MSP430 Embedded Programming Tutorial TUTORIAL

Understand your Hardware

Even before you start learning programming you should spend a small amount of time, to understand the hardware around the Microcontroller that you are going to program. You should open up the Schematics and look at the Input and Output Pins of the Microcontroller. As an Example, take a look at the Schematics below. This Schematics is from Microcontroller shop.

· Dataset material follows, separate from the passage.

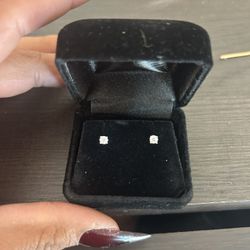 Diamonds Earrings On Sale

LEDs connected to the Input/Output Pins
For now let us concentrate upon LEDs that are connected to the MSP430F169 microcontrller in the above Schematics. The port Pins P6.0 has LED connected to it. If the Port pin P6.0 is at high or at voltage 3.3, there will no voltage drop accross the LED and the resistor R13. The LED will not glow. If the port Pin P6.0 is at low or voltage 0, there is 3.3V drop accross the LED and the resitor R13. In that case the LED will glow. MSP430F149 have 6 IO ports that can be used as general purpose Input / Output pins. We have connected one them to the LED. We also have connected a push button at port pin P6.1.
The Emulator Connector
In the Schematics, on the bottom left side is a 14 Pin JTAG connector that will connect to the emulator using a 14 Pin connector. Your board can be powered by the USB FET Emulator. You do not need to supply power to the board. The board will need power when it is working on its own.

A bit more about the hardware
There are two things that you will check if you feel that there is some problem with hardware. Check for the power supply voltages. It should usually be 3.0 to 3.3V. If you feel the power supply is good, check for the frequency at the Crystal Oscillator. You will need an Oscilloscope to check crystal frequency.